Limerick, Ireland
Aoife Desmond, Atlas Avenue - Relocating Limerick Wastelands, 2010, 18 photographic screenprints in semi-translucent silver-black ink on glass, dimensions variable

Aoife Desmond

b. 1974, Ireland

My working methodology is performative and interdisciplinary. I combine film-making, photography, drawing, performance, installation, sculpture and collaboration in constantly shifting variations. Using Super 8 film, an Olympus stills camera and a notebook, I physically map a series of drift walks. An aesthetic journey emerges through the act of walking, images rising to the surface like poetic markers. Linking to the work of the Situationists International, these ‘drift’ or dérive walks seek to remap divergent landscapes. My work practice questions human relationships to place and nature, particularly urban wastelands and areas of neglect. By exploring wasteland, relationships between production and entropy are exposed. I choose to create intimate one-off events and interventions that reference locality, history and daily life.

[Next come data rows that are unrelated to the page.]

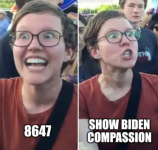 1747837985906.png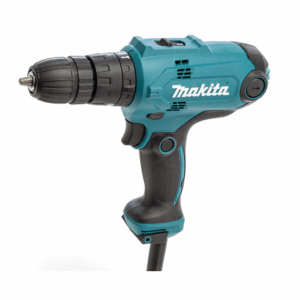 TALADRO PERCUTOR 3/8″ 320W HP0300 MAKITA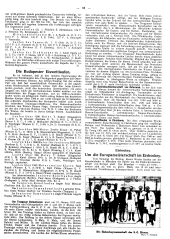 Illustriertes (Österreichisches) Sportblatt 19130201 Seite: 13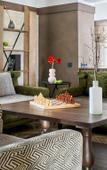 Туры в отель Kukarskij Dvor Boutique Hotel Туры в отель Kukarskij Dvor Boutique Hotel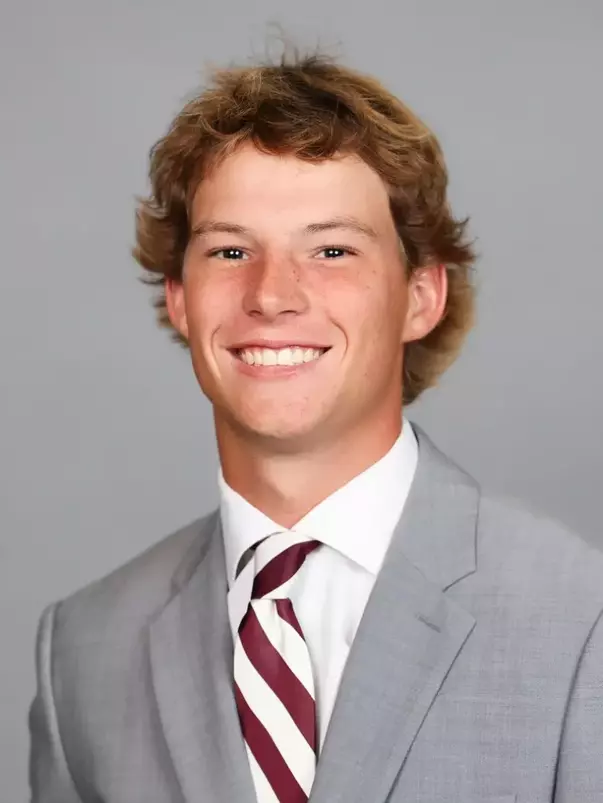 Andrew Fallis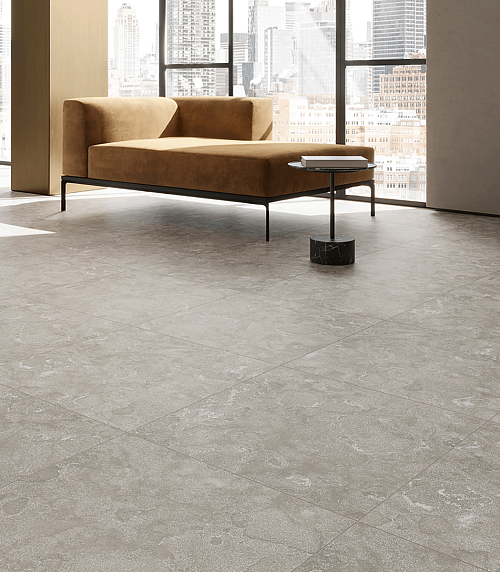 Коллекция Italon Voyager 60x60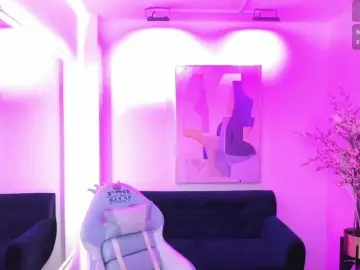 Bongacams Free Porn Cam of ary-gala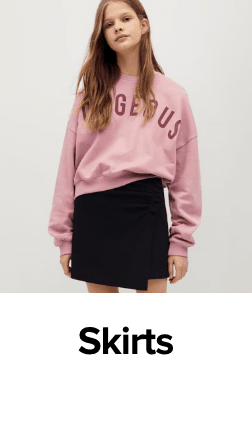 /fashion/girls-31223/clothing-16580/girl-skirts?sort[by]=popularity&sort[dir]=desc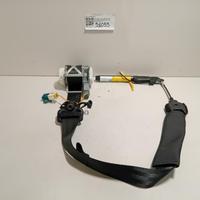 CINTURA DI SICUREZZA ANTERIORE SINISTRA FIAT 500 L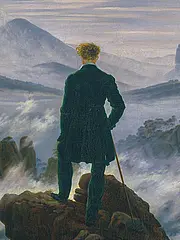 Bild - Friedrich-Wanderer-ueber-dem-Nebelmeer.jpg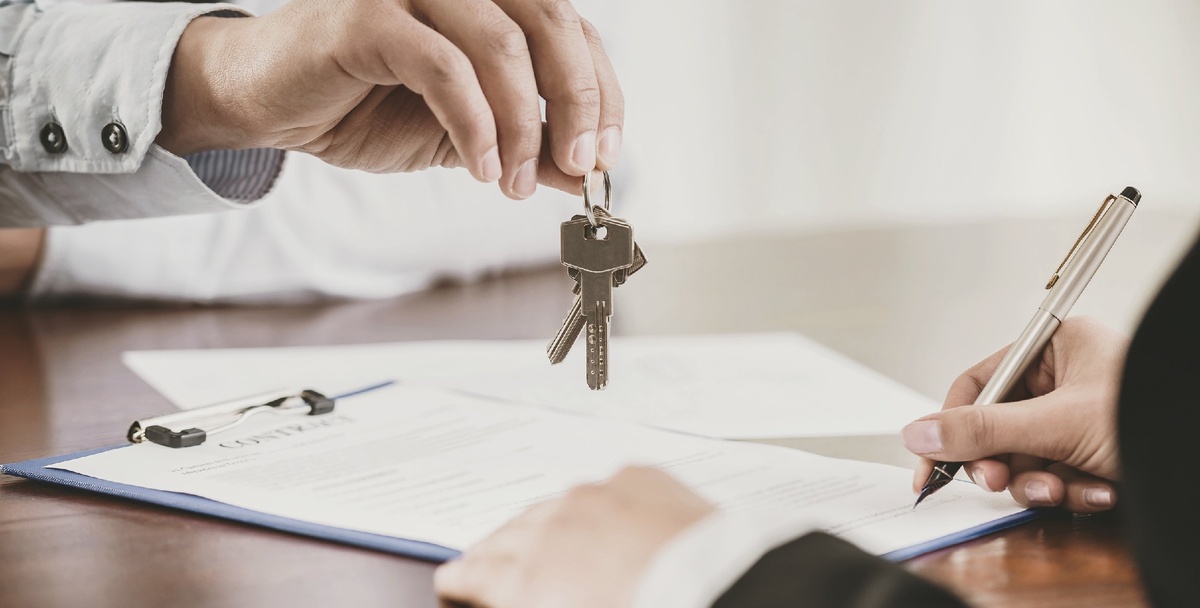 Изображение взято из сервиса Яндекс.Картинки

Atlas Avenue is situated off the Dock Road, beside Limerick harbour. Its surprisingly poetic name sits in contrast to its mismatched collection of vacant and active spaces. The French term for wasteland, terrain vague, seems apt. This project features a series of photographs screen-printed onto the windows of the glass corridor in Limerick’s City Hall. This glass corridor functions as a kind of interior street. The window images portray the ruined and worker areas of Atlas Avenue, functioning as a reverse of the official front of the city.